University of California, Los Angeles (UCLA) logo

University of California, Los Angeles (UCLA)

Status

Invitation-only

Conditions

Adenosine Deaminase Deficiency
Severe Combined Immunodeficiency (SCID)

Treatments

Biological: autologous ex vivo gene therapy products based on the EFS LV encoding for the human adenosine deaminase (ADA) gene (EFS-ADA LV)

Study type

Observational

Funder types

Other

Identifiers

NCT04049084
OTL-101-6

Details and patient eligibility

About

This observational long-term follow-up study is designed to collect safety and efficacy data from ADA-SCID patients previously treated with autologous ex vivo gene therapy products based on the EFS-ADA LV encoding for human adenosine deaminase (ADA) gene (EFS-ADA LV), as part of the OTL-101 clinical development program.
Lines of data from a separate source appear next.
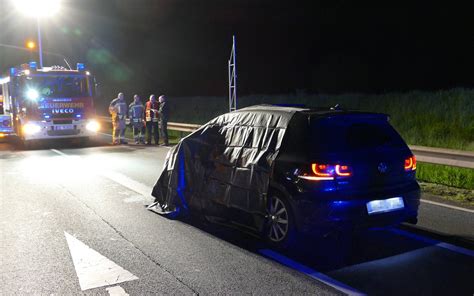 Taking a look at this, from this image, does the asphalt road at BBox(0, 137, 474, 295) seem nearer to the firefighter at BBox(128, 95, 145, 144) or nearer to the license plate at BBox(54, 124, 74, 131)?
the license plate at BBox(54, 124, 74, 131)

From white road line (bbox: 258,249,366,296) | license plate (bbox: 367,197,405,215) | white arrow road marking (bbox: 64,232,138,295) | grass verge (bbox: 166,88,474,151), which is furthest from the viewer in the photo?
grass verge (bbox: 166,88,474,151)

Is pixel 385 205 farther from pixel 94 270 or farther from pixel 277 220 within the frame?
pixel 94 270

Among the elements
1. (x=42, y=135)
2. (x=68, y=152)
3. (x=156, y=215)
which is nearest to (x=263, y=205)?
(x=156, y=215)

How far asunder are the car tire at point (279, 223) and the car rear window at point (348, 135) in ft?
2.27

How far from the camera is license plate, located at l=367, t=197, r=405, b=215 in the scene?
4925mm

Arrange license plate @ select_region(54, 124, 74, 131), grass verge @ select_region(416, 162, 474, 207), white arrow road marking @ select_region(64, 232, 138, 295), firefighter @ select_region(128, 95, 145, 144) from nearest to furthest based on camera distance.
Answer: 1. white arrow road marking @ select_region(64, 232, 138, 295)
2. grass verge @ select_region(416, 162, 474, 207)
3. license plate @ select_region(54, 124, 74, 131)
4. firefighter @ select_region(128, 95, 145, 144)

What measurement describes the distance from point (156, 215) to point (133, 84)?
61.9 metres

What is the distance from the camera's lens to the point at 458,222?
6160mm

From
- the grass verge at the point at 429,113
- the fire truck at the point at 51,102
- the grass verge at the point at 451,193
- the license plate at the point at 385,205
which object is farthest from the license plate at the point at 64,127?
the license plate at the point at 385,205

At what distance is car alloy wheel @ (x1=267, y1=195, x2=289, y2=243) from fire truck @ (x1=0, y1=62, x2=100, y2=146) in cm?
1249

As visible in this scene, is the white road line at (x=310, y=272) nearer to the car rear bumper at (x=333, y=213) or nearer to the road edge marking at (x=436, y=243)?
the car rear bumper at (x=333, y=213)

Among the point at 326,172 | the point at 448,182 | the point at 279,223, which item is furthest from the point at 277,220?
the point at 448,182

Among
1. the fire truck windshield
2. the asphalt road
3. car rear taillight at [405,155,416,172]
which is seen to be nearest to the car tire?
the asphalt road

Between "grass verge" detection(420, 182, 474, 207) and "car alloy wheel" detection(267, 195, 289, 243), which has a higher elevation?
"car alloy wheel" detection(267, 195, 289, 243) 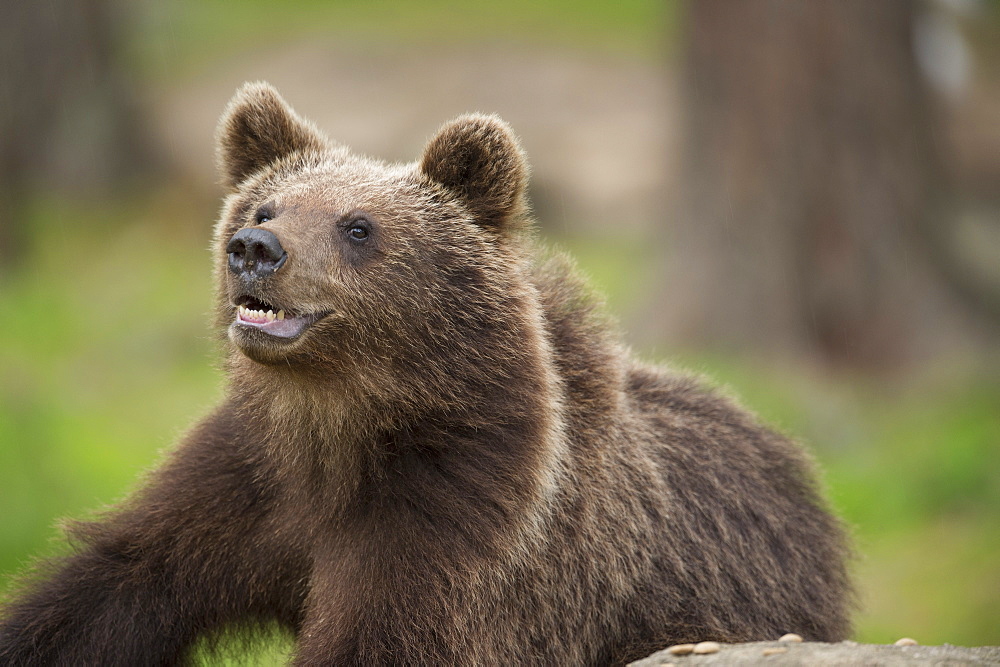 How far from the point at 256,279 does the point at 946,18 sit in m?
18.0

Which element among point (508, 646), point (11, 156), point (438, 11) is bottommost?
point (508, 646)

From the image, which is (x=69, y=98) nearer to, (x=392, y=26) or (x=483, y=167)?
(x=392, y=26)

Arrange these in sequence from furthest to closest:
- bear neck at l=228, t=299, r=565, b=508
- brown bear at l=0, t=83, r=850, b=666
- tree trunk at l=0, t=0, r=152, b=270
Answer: tree trunk at l=0, t=0, r=152, b=270 < bear neck at l=228, t=299, r=565, b=508 < brown bear at l=0, t=83, r=850, b=666

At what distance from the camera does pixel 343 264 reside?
209 inches

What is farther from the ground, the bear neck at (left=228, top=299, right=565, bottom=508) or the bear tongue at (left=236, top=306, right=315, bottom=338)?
the bear tongue at (left=236, top=306, right=315, bottom=338)

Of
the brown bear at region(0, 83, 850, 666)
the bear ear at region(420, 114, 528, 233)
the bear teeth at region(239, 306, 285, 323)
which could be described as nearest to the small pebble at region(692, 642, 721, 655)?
the brown bear at region(0, 83, 850, 666)

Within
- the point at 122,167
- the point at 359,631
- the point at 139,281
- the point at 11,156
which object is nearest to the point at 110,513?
the point at 359,631

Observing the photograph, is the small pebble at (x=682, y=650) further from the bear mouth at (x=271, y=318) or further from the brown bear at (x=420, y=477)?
the bear mouth at (x=271, y=318)

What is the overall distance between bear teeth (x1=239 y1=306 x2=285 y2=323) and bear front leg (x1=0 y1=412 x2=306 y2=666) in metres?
0.82

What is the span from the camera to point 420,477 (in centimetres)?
524

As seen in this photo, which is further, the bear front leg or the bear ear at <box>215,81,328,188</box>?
the bear ear at <box>215,81,328,188</box>

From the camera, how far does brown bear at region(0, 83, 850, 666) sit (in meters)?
5.17

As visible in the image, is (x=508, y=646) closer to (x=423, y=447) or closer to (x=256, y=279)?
(x=423, y=447)

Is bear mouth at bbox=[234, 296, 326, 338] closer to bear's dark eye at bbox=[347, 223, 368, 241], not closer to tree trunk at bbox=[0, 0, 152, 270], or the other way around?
bear's dark eye at bbox=[347, 223, 368, 241] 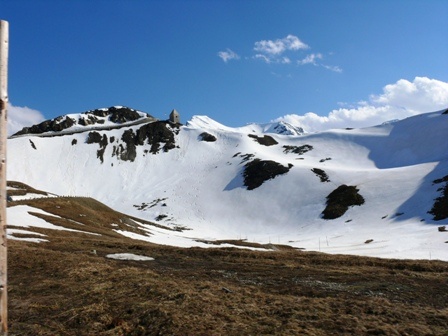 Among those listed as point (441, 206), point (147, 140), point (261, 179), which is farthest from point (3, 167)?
point (147, 140)

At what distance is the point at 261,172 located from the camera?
11600cm

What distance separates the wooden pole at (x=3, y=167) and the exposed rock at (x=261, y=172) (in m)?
106

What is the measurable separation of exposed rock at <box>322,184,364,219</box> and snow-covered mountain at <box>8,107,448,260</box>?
30 centimetres

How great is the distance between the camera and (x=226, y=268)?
66.2 ft

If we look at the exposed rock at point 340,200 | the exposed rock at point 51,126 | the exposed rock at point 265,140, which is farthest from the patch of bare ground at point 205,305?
the exposed rock at point 51,126

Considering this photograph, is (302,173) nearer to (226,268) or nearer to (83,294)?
(226,268)

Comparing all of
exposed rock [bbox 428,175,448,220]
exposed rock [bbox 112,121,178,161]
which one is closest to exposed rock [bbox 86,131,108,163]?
exposed rock [bbox 112,121,178,161]

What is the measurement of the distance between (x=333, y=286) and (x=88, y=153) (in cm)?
14554

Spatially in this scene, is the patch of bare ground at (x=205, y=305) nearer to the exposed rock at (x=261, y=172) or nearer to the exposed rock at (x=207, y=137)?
the exposed rock at (x=261, y=172)

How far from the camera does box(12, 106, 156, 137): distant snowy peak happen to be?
173 metres

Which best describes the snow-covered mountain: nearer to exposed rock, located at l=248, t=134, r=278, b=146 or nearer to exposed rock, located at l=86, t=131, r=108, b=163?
exposed rock, located at l=86, t=131, r=108, b=163

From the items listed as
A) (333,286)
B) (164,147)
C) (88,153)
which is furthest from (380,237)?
(88,153)

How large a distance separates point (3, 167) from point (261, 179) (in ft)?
355

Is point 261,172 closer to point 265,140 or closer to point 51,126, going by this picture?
point 265,140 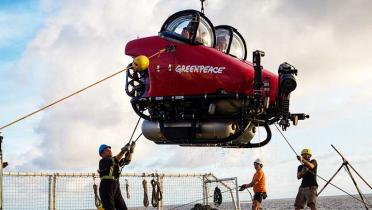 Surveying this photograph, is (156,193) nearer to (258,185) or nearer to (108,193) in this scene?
(258,185)

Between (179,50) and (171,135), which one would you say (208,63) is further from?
(171,135)

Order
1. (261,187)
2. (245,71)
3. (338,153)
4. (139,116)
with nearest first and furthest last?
(245,71)
(139,116)
(338,153)
(261,187)

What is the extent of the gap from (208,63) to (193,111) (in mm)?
1030

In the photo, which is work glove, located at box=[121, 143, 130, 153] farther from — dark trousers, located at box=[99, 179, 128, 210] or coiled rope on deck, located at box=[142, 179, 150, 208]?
coiled rope on deck, located at box=[142, 179, 150, 208]

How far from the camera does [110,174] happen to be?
1002 centimetres

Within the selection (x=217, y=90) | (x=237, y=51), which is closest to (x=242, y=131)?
(x=217, y=90)

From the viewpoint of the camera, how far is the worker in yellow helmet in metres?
12.9

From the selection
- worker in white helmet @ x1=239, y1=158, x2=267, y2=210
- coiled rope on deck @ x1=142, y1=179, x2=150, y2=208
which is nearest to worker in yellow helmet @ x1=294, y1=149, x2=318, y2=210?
worker in white helmet @ x1=239, y1=158, x2=267, y2=210

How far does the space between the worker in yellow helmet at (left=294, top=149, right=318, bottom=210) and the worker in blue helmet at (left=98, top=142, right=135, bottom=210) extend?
473 cm

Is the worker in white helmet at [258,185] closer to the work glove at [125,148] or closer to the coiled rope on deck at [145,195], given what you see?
the coiled rope on deck at [145,195]

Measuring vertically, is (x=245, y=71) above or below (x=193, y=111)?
above

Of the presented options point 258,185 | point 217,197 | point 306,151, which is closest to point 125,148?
point 258,185

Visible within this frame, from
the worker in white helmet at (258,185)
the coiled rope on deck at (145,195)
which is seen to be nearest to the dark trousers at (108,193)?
the coiled rope on deck at (145,195)

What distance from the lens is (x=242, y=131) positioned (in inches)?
412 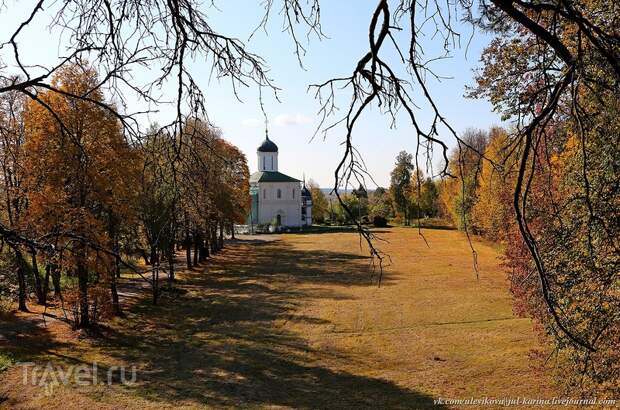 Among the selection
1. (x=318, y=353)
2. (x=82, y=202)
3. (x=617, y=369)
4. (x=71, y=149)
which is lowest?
(x=318, y=353)

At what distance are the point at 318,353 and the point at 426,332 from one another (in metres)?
4.51

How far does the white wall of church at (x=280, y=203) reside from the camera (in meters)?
69.9

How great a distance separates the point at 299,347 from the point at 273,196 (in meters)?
54.1

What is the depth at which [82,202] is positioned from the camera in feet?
50.8

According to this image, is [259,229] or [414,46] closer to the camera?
[414,46]

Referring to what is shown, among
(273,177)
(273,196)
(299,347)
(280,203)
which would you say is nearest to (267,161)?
(273,177)

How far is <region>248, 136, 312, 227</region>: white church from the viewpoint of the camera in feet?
229

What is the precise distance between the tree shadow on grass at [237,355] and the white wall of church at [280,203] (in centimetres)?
4164

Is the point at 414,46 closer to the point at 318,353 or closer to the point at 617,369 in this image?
the point at 617,369

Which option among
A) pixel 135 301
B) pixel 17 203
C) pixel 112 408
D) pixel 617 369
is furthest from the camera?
pixel 135 301

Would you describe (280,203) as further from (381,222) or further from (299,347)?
(299,347)

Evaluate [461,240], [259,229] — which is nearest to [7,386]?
[461,240]

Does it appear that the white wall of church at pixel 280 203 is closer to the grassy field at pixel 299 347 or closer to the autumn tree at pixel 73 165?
the grassy field at pixel 299 347

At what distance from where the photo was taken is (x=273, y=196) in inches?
2761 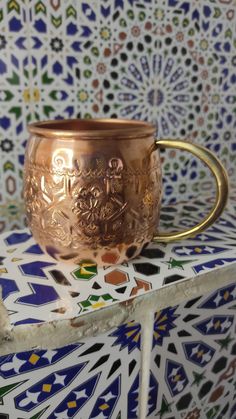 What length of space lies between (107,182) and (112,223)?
0.10ft

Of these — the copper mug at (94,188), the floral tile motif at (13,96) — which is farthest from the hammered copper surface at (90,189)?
the floral tile motif at (13,96)

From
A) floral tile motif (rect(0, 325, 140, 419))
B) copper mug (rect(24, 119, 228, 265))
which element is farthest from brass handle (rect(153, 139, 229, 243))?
floral tile motif (rect(0, 325, 140, 419))

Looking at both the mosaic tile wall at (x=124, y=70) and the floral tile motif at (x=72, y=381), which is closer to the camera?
the floral tile motif at (x=72, y=381)

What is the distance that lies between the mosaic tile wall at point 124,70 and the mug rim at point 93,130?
0.21 ft

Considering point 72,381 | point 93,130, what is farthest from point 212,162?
point 72,381

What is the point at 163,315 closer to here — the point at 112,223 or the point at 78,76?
the point at 112,223

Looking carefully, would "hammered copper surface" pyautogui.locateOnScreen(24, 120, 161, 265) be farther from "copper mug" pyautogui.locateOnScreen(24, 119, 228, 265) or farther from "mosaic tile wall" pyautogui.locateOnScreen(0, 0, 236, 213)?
"mosaic tile wall" pyautogui.locateOnScreen(0, 0, 236, 213)

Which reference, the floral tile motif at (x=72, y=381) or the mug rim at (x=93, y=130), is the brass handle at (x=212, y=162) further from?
the floral tile motif at (x=72, y=381)

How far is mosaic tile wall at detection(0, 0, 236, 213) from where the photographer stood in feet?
1.30

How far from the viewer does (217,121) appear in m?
0.54

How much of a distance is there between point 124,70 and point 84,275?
0.78 feet

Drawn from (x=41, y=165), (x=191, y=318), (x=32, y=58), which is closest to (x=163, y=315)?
(x=191, y=318)

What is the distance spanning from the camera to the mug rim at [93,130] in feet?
0.95

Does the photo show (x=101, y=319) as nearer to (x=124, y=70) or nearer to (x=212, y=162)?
(x=212, y=162) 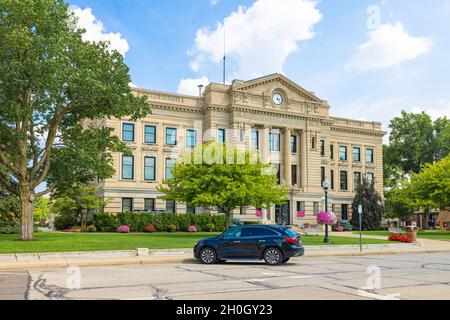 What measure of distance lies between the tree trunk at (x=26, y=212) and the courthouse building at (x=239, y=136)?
20.7m

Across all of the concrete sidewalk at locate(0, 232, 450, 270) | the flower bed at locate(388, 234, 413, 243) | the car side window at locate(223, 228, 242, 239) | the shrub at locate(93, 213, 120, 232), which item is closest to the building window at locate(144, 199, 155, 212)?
the shrub at locate(93, 213, 120, 232)

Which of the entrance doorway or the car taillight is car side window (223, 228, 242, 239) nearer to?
the car taillight

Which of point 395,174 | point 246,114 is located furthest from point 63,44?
point 395,174

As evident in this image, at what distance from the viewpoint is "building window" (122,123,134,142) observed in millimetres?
50750

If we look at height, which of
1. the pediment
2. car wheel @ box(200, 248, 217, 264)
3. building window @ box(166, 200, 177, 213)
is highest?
the pediment

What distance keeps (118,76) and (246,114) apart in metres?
26.1

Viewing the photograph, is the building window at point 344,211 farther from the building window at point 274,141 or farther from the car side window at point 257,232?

No investigational medicinal product will be administered to these patients as part of the OTL-101-6 study.

Enrollment

70 estimated patients

Sex

All

Volunteers

No Healthy Volunteers

Inclusion criteria

A patient is eligible for enrollment in the study if all of the following criteria are met:

  1. the patient has been treated with an autologous ex vivo gene therapy product based on the EFS-ADA LV, as part of the OTL-101 clinical development program;
  2. the patient displays persistent detectable gene marking, as determined by the Investigator;
  3. the patient or, if applicable, the patient's parent(s)/legal guardian(s), are able and willing to provide informed consent.

Exclusion criteria

  • There are no exclusion criteria for participation in this observational LTFU study.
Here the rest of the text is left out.